1917, is about two soldiers who are sent on foot to relay orders to colonel Mackenzie to stop an attack about to be carried about by 1,600 British soldiers against a seemingly retreating German Army. Early on in the film, we learn that the German’s aren’t capitulating in the trenches in which they were dug in, rather they are baiting the British into a trap.
The initial soldier chosen, Lance Corporal Thomas Blake, played by Dean-Charles Chapman, was specifically chosen because he is good with maps therefore he can be trusted to navigate through no man’s land, and his brother is part of the 1,600 multi-wave British attack that is about to charge straight into a one sided slaughter.
Lance Corporal Thomas Blake is chosen in the opening scene of the movie and is told to pick a man to go with him; he picks Lance Corporal William Schofield who is played by George MacKay.
Along the way, they encounter several instances of hardship and a little bit of tragedy.
Over the course of the first quarter to a half of the film via the events of the film, we learn quite a bit about the two main characters all the while not learning everything about them. Lance Corporal Blake and Lance Corporal Schofield have developed a bit of camaraderie. This of course isn’t unusual to see in a war film; it’s always implied there is a brotherhood between comrades considering not only the amount of time they spend together, but the very nature of what they go through with each other. However, we get a little glimpse into another reality; just because you work together doesn’t mean you like each other or that you won’t come into conflict with each other.
But enough of that digression.
Blake is a proud soldier who takes pride in his military achievements. A medal and ribbon means a lot to him. Schofield reveals that he doesn’t have his medal anymore. Blake assumes he lost it.
While at first glance, this seems as if it is just dialogue to pass the time and maybe develop characters, and it accomplishes that very well, it eventually pays off in a satisfying way.
We even get a bit of dialogue from Lieutenant Leslie played by Andrew Scott who cogitates that the German’s are baiting the British into a trap and who gives credence to those who feel the way that Schofield does about the conflict.
“We fought and died over every inch of this fucking place. Now they suddenly give us miles? It’s a trap. But chin up. There’s a medal in it, for sure. Nothing like a scrap of ribbon to cheer up a widow.”
After navigating through No Man’s Land they arrive at the German’s abandoned trenches. They go through a sleeping quarters and quasi-bunker built by the German’s where Schofield sees a photograph of a family left behind on one of the bunks. This is important.
After nearly being blown to bits by a sprung trip wire and being trapped under the rubble, Schofield asks Blake why he had to choose him. He says this while ambiguously looking into a blue container that he carries. Even though Schofield is unhappy with the predicament he’s in, we learn very quickly that he’s not a coward.
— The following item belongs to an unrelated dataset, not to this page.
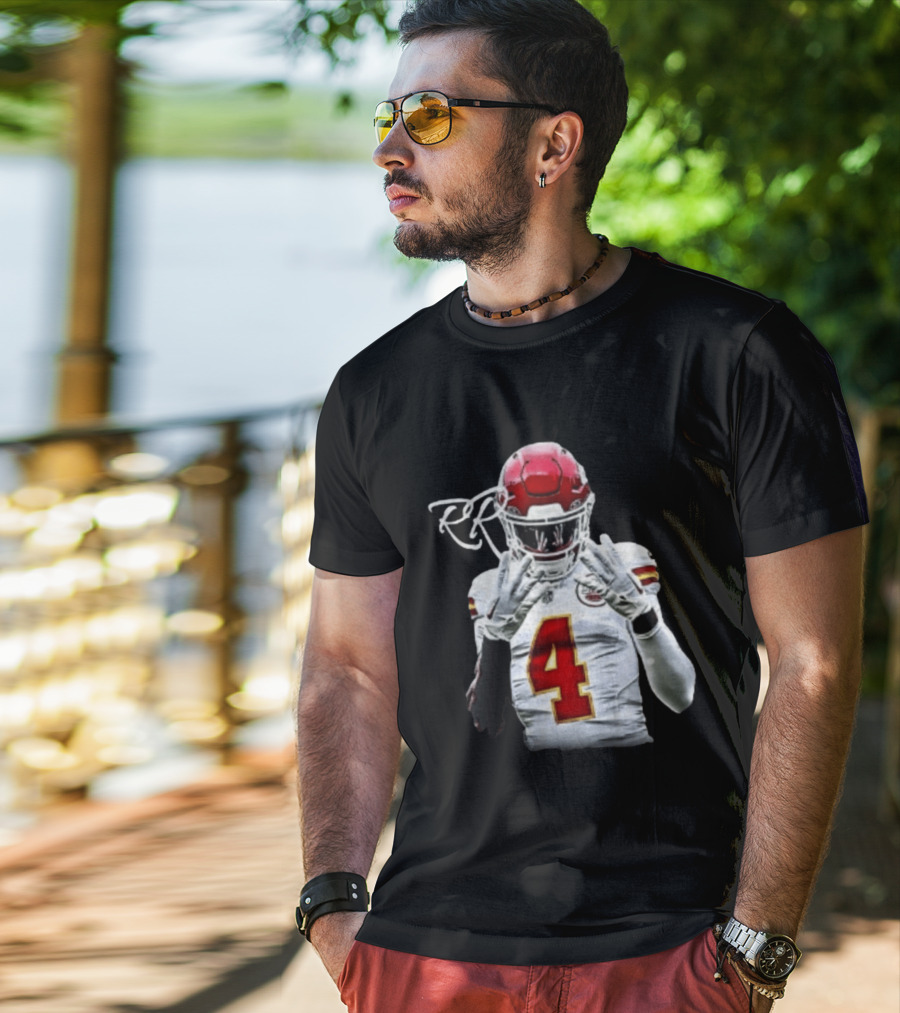 Rashee Rice Number 4 Kansas City Chiefs Football RP Helmet And Jersey T-Shirt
Schofield doesn’t capitulate to his unhappiness and honors his orders and agrees to keep helping his friend when offered the chance to go back.
1917 is not only one of the best war films, but one of the best films I have ever seen. It is spectacular in concept, in execution, and visually. It analyzes many nuances of war subtly through a very simple and tense story.
This film deserves more praise than it got, because it didn’t get enough.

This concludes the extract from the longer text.